Posted this in <#C02LJ7G0LAZ|dagster-cloud> , hopi...
# ask-community
a
Posted this in #dagster-cloud , hoping to get assistance. Thanks! https://dagster.slack.com/archives/C02LJ7G0LAZ/p1684371830418209
k
@Ashwin Kamath I have also been seeing this error with dynamic partitions lately. In my case though, there is nothing tricky about them - they are supposed to be the same dynamic partitions for both assets, and I still get this error on the downstream asset.
a
Thanks for confirming, the strange thing about this is that the stack trace seems to be using the default partition mapping class instead of my custom one. Unclear to me how this code is called in the first place as its all within the cloud agent
c
Hey Ashwin, would you mind sharing your asset defs and the partition mapping def? Does this error happen locally too or just on cloud?

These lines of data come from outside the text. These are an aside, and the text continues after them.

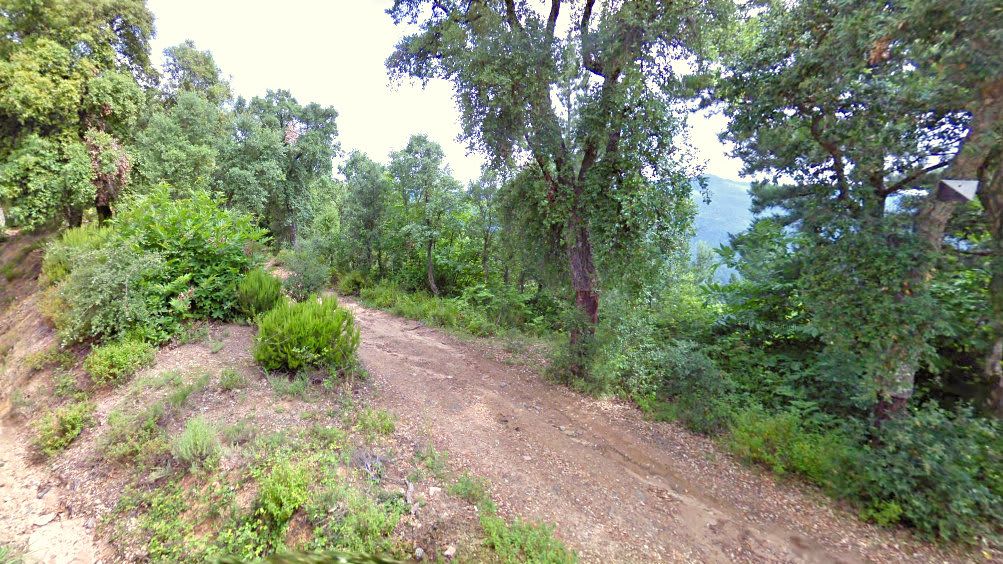 Land for sale in Arbúcies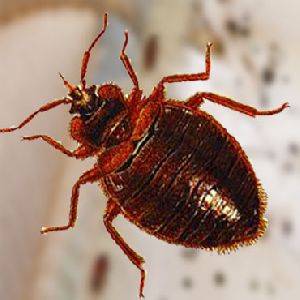 Bed Bugs Treatment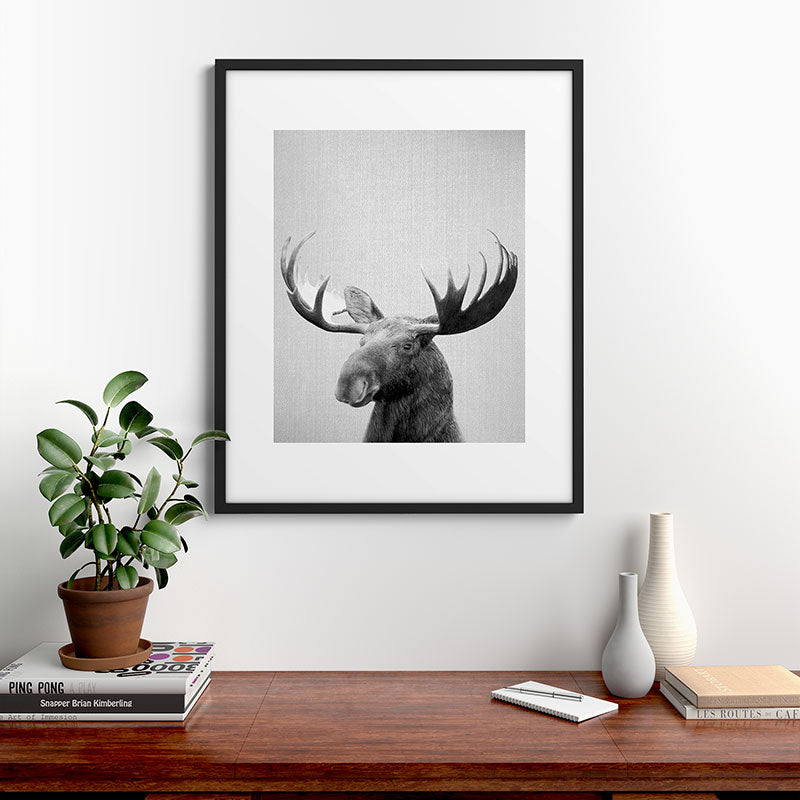 Moose - Black & White Framed Art Print Gallery Image 9
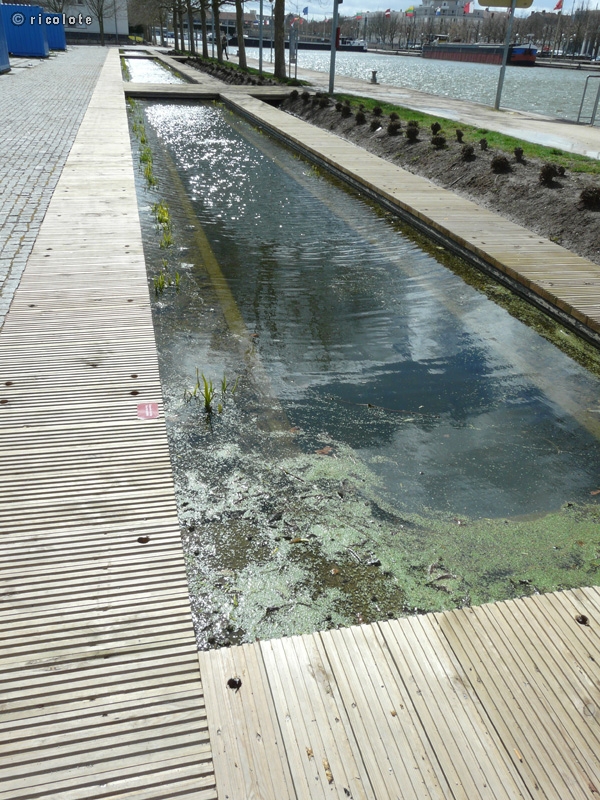 Bassins miroirs en canal
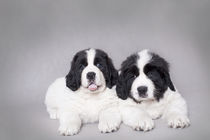 Two little Landseer puppies portrait by Waldek Dabrowski
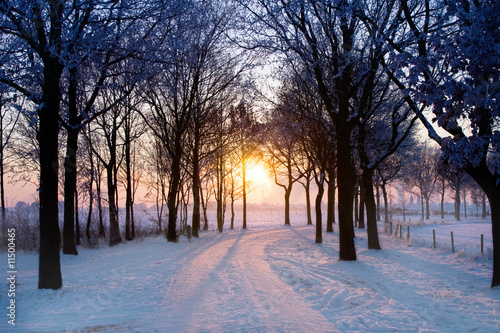 winter sunset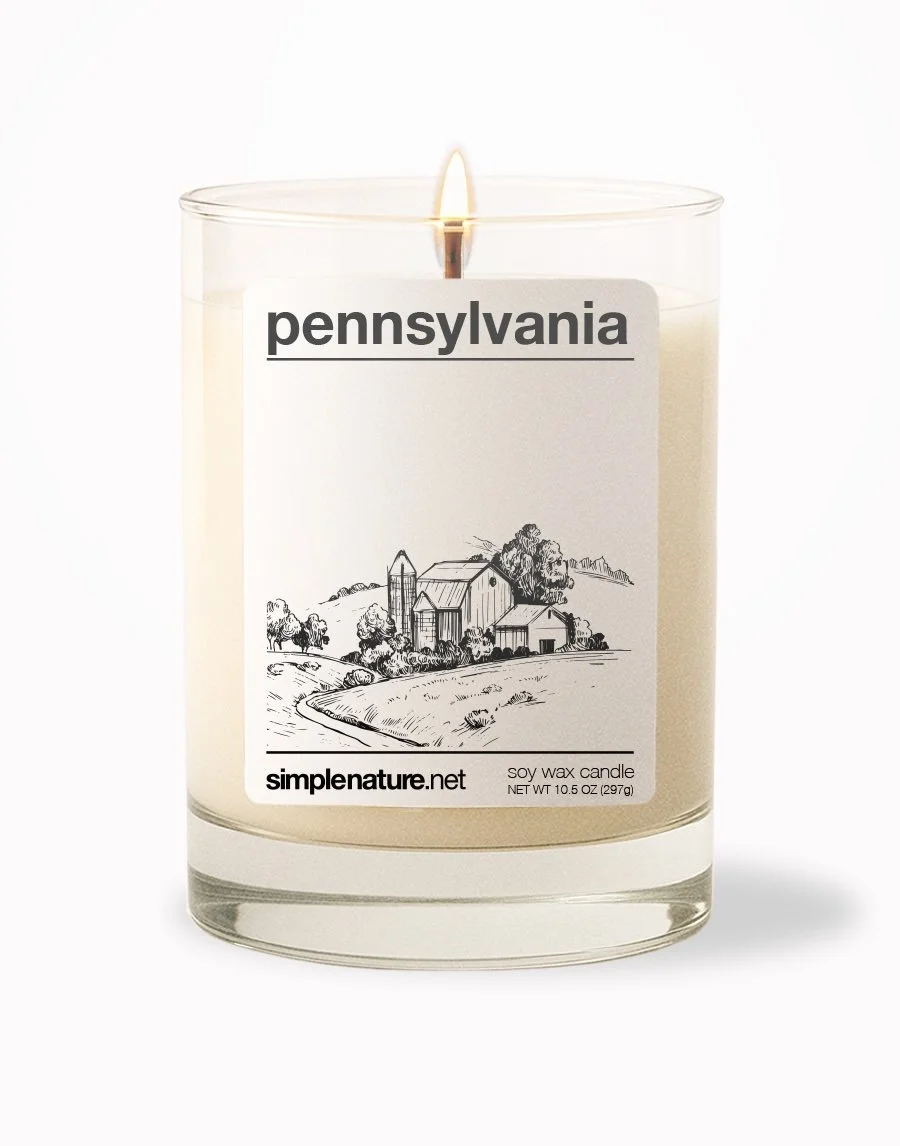 Pennsylvania Front On.jpeg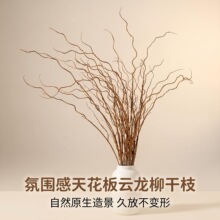 仿真植物云龙柳枯枝插花配材家居装饰枝条塑胶干树枝造景摆设批发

@Kate Ross It's surprising that you're seeing this error. By default, dagster assumes that if both the upstream and downstream asset are partitioned, but not time partitioned, that the partition mapping is the
IdentityPartitionMapping
. So whatever keys are select for the upstream asset are also selected for the downstream asset, and vice versa. Do you happen to have asset defs that I'd be able to repro this with?
k
Hi @claire, yes, it seems to be a bug of some sort (unless I am just missing something - entirely possible!). I can materialize the downstream assets one-by-one, but when I try to materialize a range of them I get an error about missing upstream assets. The partitions are being created by a schedule. I’m not sure how to send the partitions def without sending a lot of code…
c
Is this happening on cloud or locally?
k
Locally
a
My issue occurs on cloud and local, sure can try to create a simple repro
ty spinny 1
Is there a way to override the IdentityPartitionMapping? My upstream and downstream keys are not identical, which may be part of the issue
"2020-01-01-UTC" on the dynamic partition def, "2020-01-01" on the MonthlyPartitionDef
c
Yeah, you can override it by doing something like this:
Copy code
@asset(
    partitions_def=partitions_def,
    ins={"asset1": AssetIn(partition_mapping=<Your partition mapping def here>},
)
def downstream_asset1(asset1):
    return 2
a
I have that set
It works fine normally, only fails in backfill
And if you look through the stack trace, it is not using my custom partition mapping, it never makes it there
c
Got it. Once you send me the repro I will take a look
a
This is the partition mapping, I will try to get you a repro in the next day thanks
@claire got a simple repro here. Steps are the following:
Copy code
################## REPRODUCTION STEPS ##################
#
#  1. Run `dagster dev -f partition_mapping.py`
#  2. Open dashboard in browser.
#  3. Wait for sensor to kick in and materialize all partitions of upstream_asset.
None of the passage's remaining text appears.